« Imago : désigne le stade final d’un individu dont le développement se déroule en plusieurs phases (en général œuf, larve et imago). » C’est cette construction fragile et complexe, cette quête d’identité, qui apparaît en filigrane dans le récit des quatre personnages de ce roman, quatre trajectoires de vie qui sont reliées par un lien intime et destructeur.
Nadr et Khalil sont demi-frères et vivent en Palestine. Nadr est l’aîné, né en France, et revenu en Palestine avec son père alors qu’il n’avait que quelques semaines. Il n’a jamais connu sa mère française. C‘est la mère de Khalil, amour de jeunesse du père des deux garçons qui les a élevés. Si Nadr, enfant, aimait se battre pour défendre son frère chétif, quelques années plus tard c’est tout le contraire. Khalil est attiré par les armes et la violence et Nadr se réfugie dans la lecture de poèmes. Les deux frères sont dorénavant orphelins (père et mère furent tués) et vivent dans un camp.
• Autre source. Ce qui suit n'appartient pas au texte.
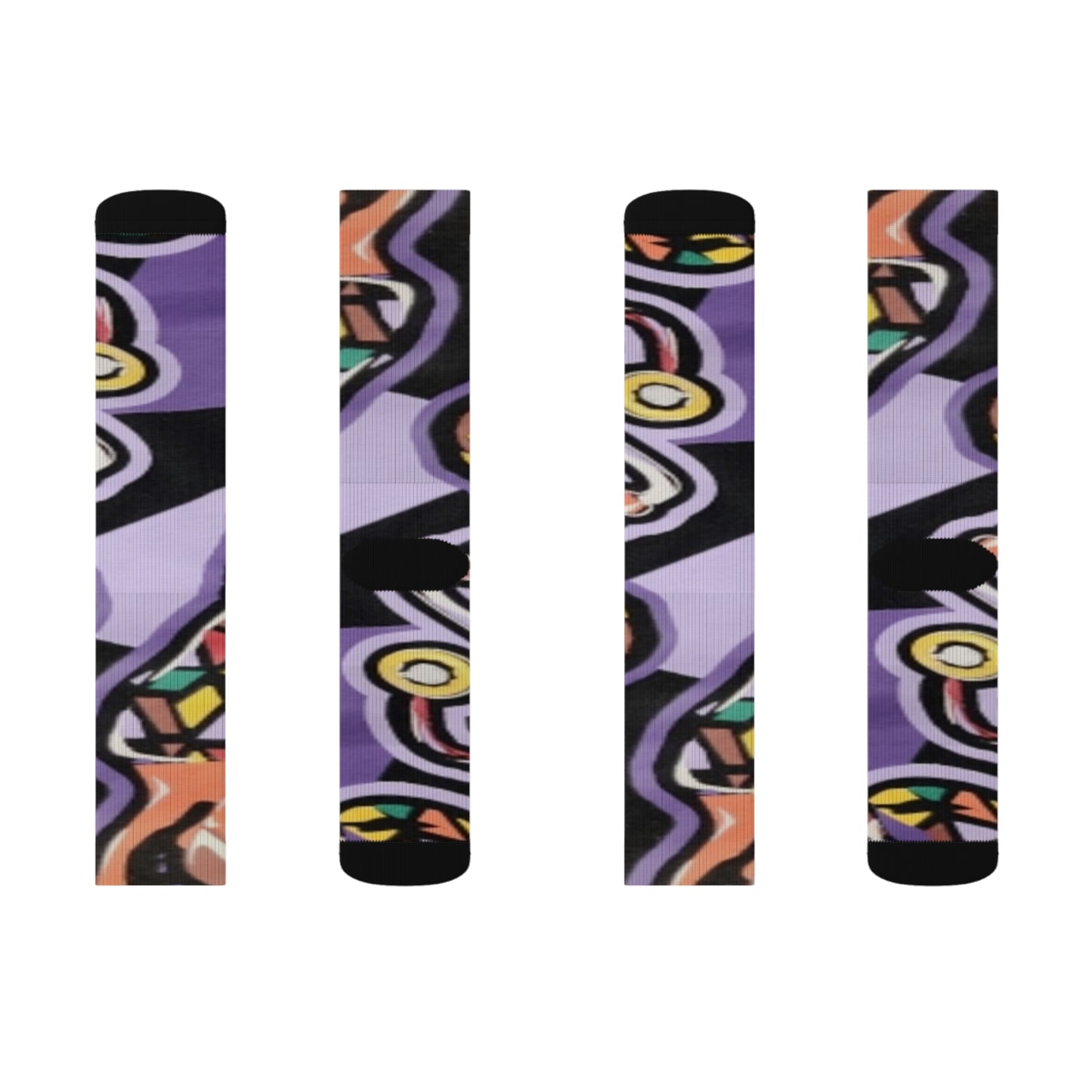 R&RH Purple Abstract Sublimation Socks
Fernando Clerc est marié avec deux enfants, englué dans une routine quotidienne. Fonctionnaire au « Fonds » (le FMI n’est pas nommé), il décide des sommes à verser pour aider les Palestiniens bien installé dans son confortable fauteuil de bureau . Ses certitudes vont être bousculées lorsqu’il devra se rendre en Palestine et voir de visu l’impact que peuvent avoir ses décisions sur la situation politique et le quotidien des Palestiniens.
Il y aussi Amandine, la soixantaine, mère de trois enfants nés de trois pères différents. Paumée, pas à sa place dans une vie d’apparences, elle a préféré se réfugier dans la forêt ne supportant plus la vacuité du quotidien.
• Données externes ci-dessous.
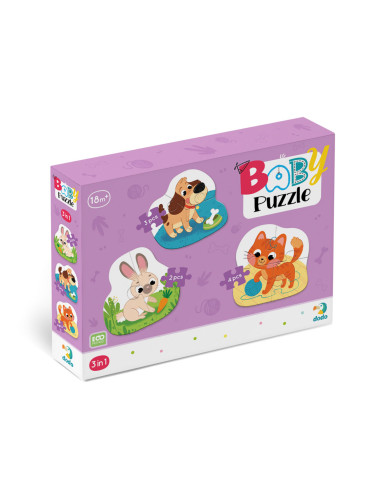 Пъзел 3 в 1 Baby Puzzle -Животни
Ces quatre destinées sont l’expression de la souffrance. Tous ont été amputés d’un être cher, furent rejetés, et ont dû essayer de se construire malgré ces blessures. Amandine a vu son bébé arracher de ses bras juste après sa naissance, Nadr n’a jamais connu sa mère, Fernando a été rejeté par la sienne qui ne l’aimait pas.
A travers ce roman, l’auteur éveille les consciences sans pour autant donner de jugement. Peuple d’ici ou d’ailleurs, qui est le coupable ? Qui est la victime ? La question ne se pose pas ainsi, la guerre est présente partout que ce soit au Moyen-Orient ou en Occident avec un même point d’orgue : la vengeance. Venger son pays, venger son peuple; le leitmotiv est toujours le même.
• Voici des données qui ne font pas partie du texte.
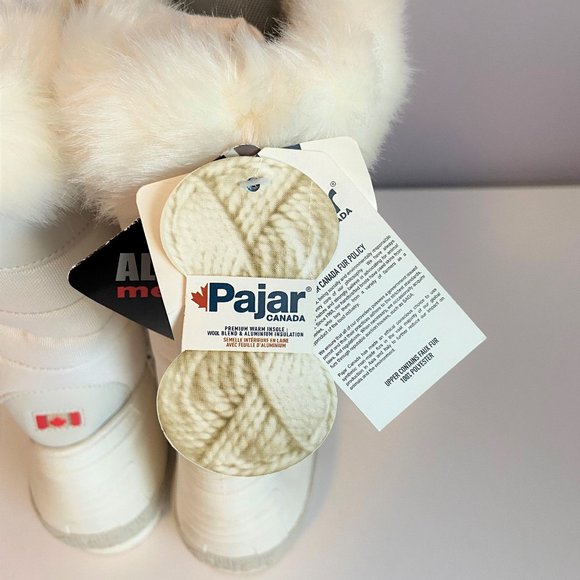 Pajar Tall White Debby Waterproof Boots Size 8 - Picture 4 of 10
Imago est réaliste, traite de l’actualité avec des personnages sombres et complexes. Ce roman questionne et montre des personnes qui cherchent à se libérer de leurs trajectoires. La fin du récit est d’ailleurs significative, le triangle fraternel s’achève; la mort du martyr et de sa victime entraînent la libération et le renouveau pour le frère rescapé.
Je conseille ?
J’ai eu du mal à entrer dans l’histoire durant la première partie du roman. Je ne voyais pas du tout quel pouvait être le lien entre ces personnages. Une fois le lien établi, les pièces du puzzle s’imbriquent: l’évolution et la complexité des protagonistes sont très intéressantes. C’est un roman déroutant, qui fait réfléchir et qui agit comme un véritable « coup de poing ». A découvrir!